5. Above the symbols representing native American history is imagery acknowledging the transformational effects of the railroads on the area. It also acknowledges the migrant workers, many from Mexican descent, who helped to build those railroads. Images created by Mexican American Artist Isaac Tapia depict these workers, surrounded by "cempasuchil flowers," known as marigolds in english, and "huitzilin" or hummingbirds. Isaac writes, "This illustration is a small ofrenda (offering) for Kansas railroad workers that passed during the construction under heat intensive working conditions.

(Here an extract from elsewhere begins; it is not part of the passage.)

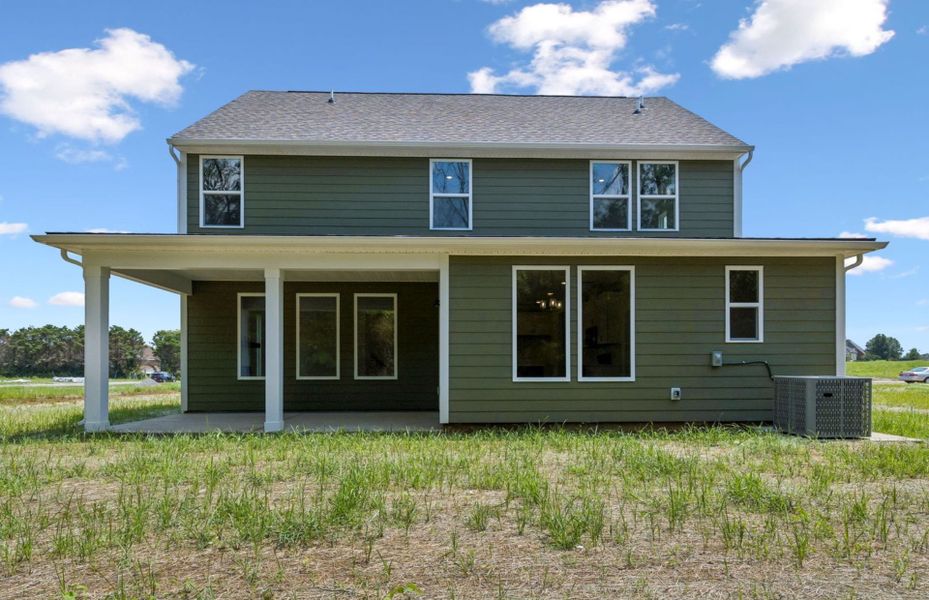 Exterior details and patio area of a home in Glenview Farms, Murfreesboro (Image 33).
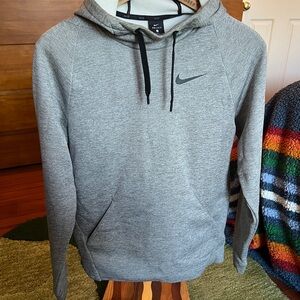 Nike Men's Grey Hoodie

It includes the elements of the Cempasuchil flower and the Huitzilin (Hummingbird)-- traditional Mexican icons of respect and reverence for loved ones that have passed and the memory of their labor." - Isaac Tapia
6. Above the railroad references are imagery showing the rich history of farming in the area, showing important Kansas crops such as wheat and corn.
7. On the north side panel, a row of houses topped by children's handprints represent the establishment of planned communities of homes and neighborhood shopping centers beginning in 1941, continuing through today.
8. On the south side panel, the specific importance of Jewish history to Meadowbrook Park. Before becoming the park it is today, the property was home to a Jewish community country club and golf course, called "Meadowbrook Country Club". Laura Bolter contributed the illustration depicting celebrations that went on in the country club clubhouse, stating: "Celebrations of b’nai mitzvah or weddings held at the country club previously located here, would often include dancing of the Hora, a circular line dance. This dance, along with the Torah scrolls being lifted at the center, seemed a joyful way to illustrate the history of Jewish events and the people who celebrated here." - Laura Bolter
9. Topping the panels are depictions of the Kansas City skyline on the north side, acknowledging the community as part of the greater Kansas City metro area. On the south side are images of the Prairie Village clock tower in the town center, and the Prairie Village water tower, as symbols of the modern community.
These panels are meant as a reminder to honor all those who have contributed to the prosperous and vibrant community today, as visitors can find their own reflections in the mirrored stainless behind the panels.